Edouard94 commented 1 month ago

Hello,

I am struggling with the following code I'm using to annotate my tree. It seems that ggtree adds an extra branch/node to the tree that should not be there, which disrupts all the bootstrap values.

My current code and the tree display are as follows:

# Load libraries
library(ggtree)
library(ggplot2)
library(ape)
library(tidytree)
library(treeio)
library(dplyr)
library(extrafont)
loadfonts()

# Read in your tree file (replace "treefile.nwk" with the path to your tree file)
tree <- read.tree("18S_PutativeSeqs_iqtree.treefile")

# Define the outgroup
outgroup <- "Chromera_velia_strain_CMS22_DQ174731.1"
# Reroot the tree with "Chromera_velia" as the outgroup
tree <- root(tree, outgroup, resolve.root = TRUE)

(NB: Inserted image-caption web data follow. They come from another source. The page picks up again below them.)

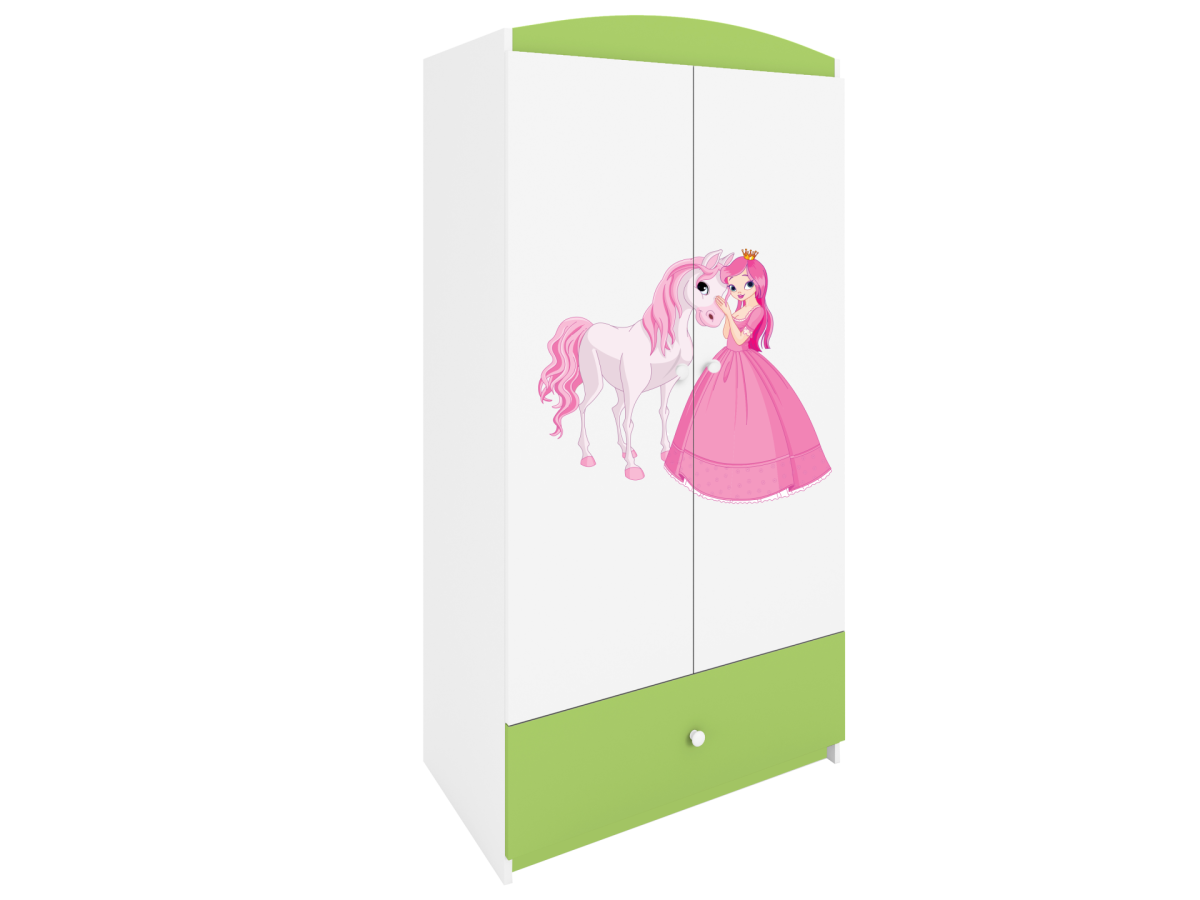 Kocot kids Dětská skříň Babydreams 90 cm princezna a poník zelená - Obrázek 2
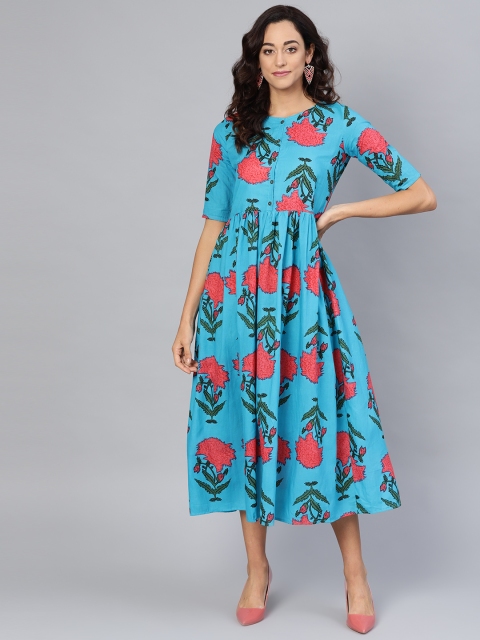 

Myshka Women Blue & Pink Floral Printed A-Line Dress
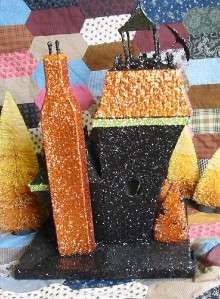   Spectacular Glittered Crooked Lighted House Belfry Table Piece  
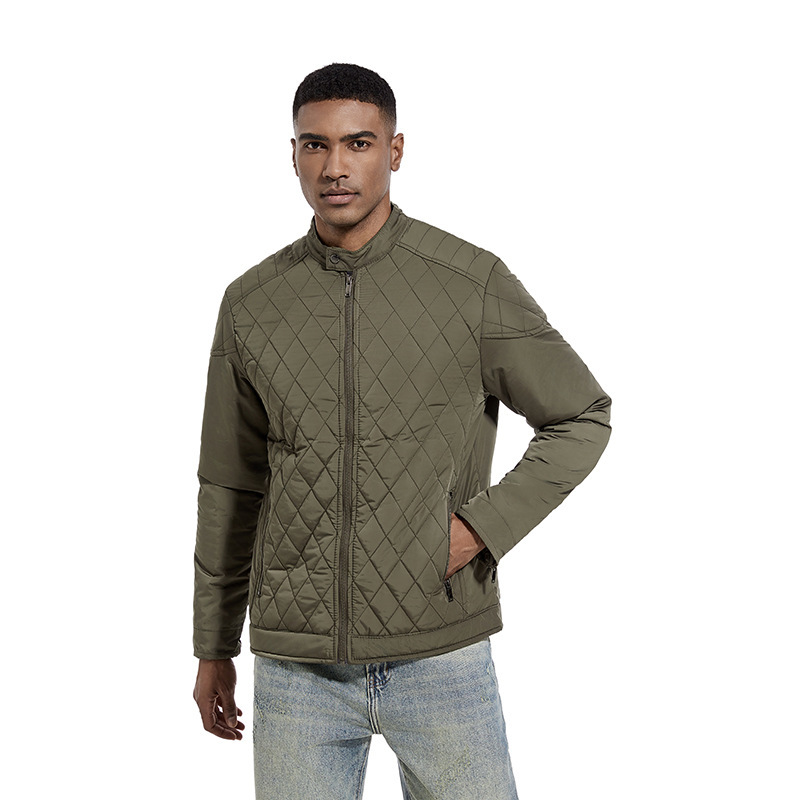 GorgeousBen Men's Insulated Quilted Stand Collar Slim Fit Jacket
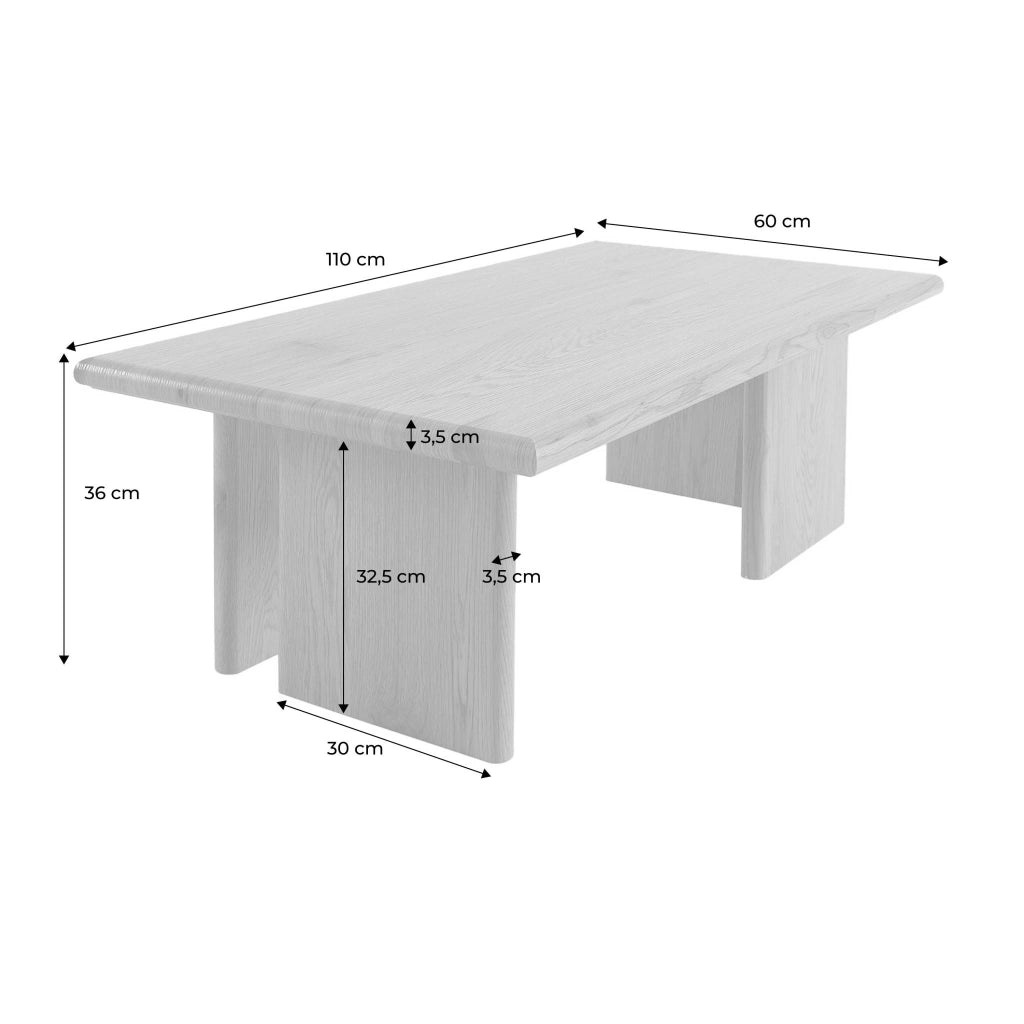 Tavolino rettangolare effetto legno, beige travertino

# Find the index of the tip labels to be renamed
index1 <- which(tree$tip.label == "Cryptosporidium_muris_strain_Calf_genotype_IDVS-811_AF093496.1")
index2 <- which(tree$tip.label == "Ancora_cf._sagittata_isolate_AncoraWSBS2010_KX982504.1")
index3 <- which(tree$tip.label == "Nematopsis_temporariae_isolate_Rd_E8_24L4_KT717659.1")
# Rename the tip labels
tree$tip.label[index1] <- "Cryptosporidium_muris_AF093496.1"
tree$tip.label[index2] <- "Ancora_cf._sagittata__KX982504.1"
tree$tip.label[index3] <- "Nematopsis_temporariae_KT717659.1"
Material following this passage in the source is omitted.